Fake-Thermomix: Lidl darf Monsieur Cuisine nicht mehr verkaufen – Vorwerk gewinnt vor Gericht

Denn die Klage von Vorwerk war zwar erfolgreich, Lidl scheint sich davon aber nicht beeindrucken zu lassen. Vorwerk hat dem Discounter vorgeworfen, ein Heizelement in der Küchenmaschine zu nutzen, für welches das Wuppertaler Unternehmen bereits ein Patent angemeldet hat.

Laut Spiegel hat das Unternehmen vor dem Oberlandesgericht Düsseldorf recht bekommen – Lidl darf den „Monsieur Cuisine Connect“ mit Touchscreen in Deutschland somit nicht mehr verkaufen. Ein spanisches Gericht bewertete den Streit anders: Hier wurden deutliche Unterschiede zwischen dem Lidl-Produkt und dem Thermomix angeführt. In Spanien ist das ursprüngliche Gerät von Lidl daher nicht erhältlich.

Trotz Rechtsstreit mit Vorwerk: Lidl verkauft Fake-Thermomix Monsieur Cuisine weiterhin

Was erstmal nach einem starken Dämpfer für Lidl klingt, scheint das Unternehmen nicht zu beeindrucken. Eine offizielle Stellungnahme des Discounters liegt nach dem Urteil zwar noch nicht vor. Ein Blick in den Lidl-Online-Shop zeigt aber: Der Discounter verkauft das Produkt weiterhin für rund 400 Euro.

Ignoriert Lidl das Urteil? Nein. Denn ein Hinweis auf der Produktseite zeigt: Die Küchenmaschine ist mit einem verändertem Heizelement ausgestattet. An Design und Funktion hat sich allerdings nichts verändert. Ob Lidl mit dieser Maßnahme keine weiteren rechtlichen Schritte befürchten muss, ist unklar.

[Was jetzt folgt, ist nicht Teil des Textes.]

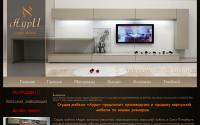 aurispb.ru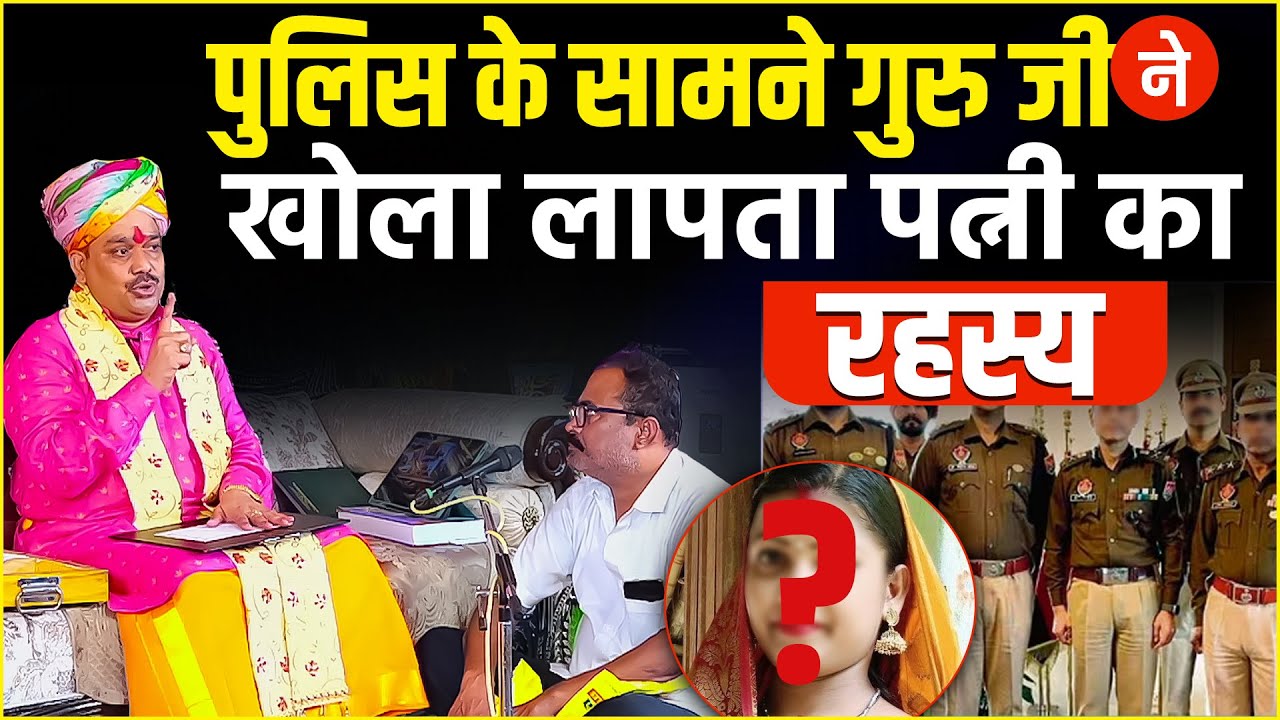 पुलिस के सामने गुरु जी ने खोला लापता पत्नी का रहस्य...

Thermomix ist wichtiges Produkt für Vorwerk

Vorwerk könnte sich durch den Rechtsstreit mit Lidl nämlich mehr erhofft haben. Laut Spiegel ist der Thermomix ein wichtiges Produkt. Im ersten Jahr der Corona-Pandemie (2020) machte das Wuppertaler Unternehmen mit der Maschine rund 1,6 Milliarden Euro Umsatz – das ist die Hälfte des Gesamtumsatzes.

Möglicherweise müssen Lidl-Kunden bald auf die Thermomix-Kopie Monsieur Cuisine Connect verzichten.

Das Gerät ist außerdem seit 2021 bequem online erhältlich. Vorher konnte man den Thermomix nur dann erwerben, wenn man an einem Kochkurs teilgenommen hat. Der Thermomix kostet aktuell (Stand: Februar 2022) mehr als 1300 Euro.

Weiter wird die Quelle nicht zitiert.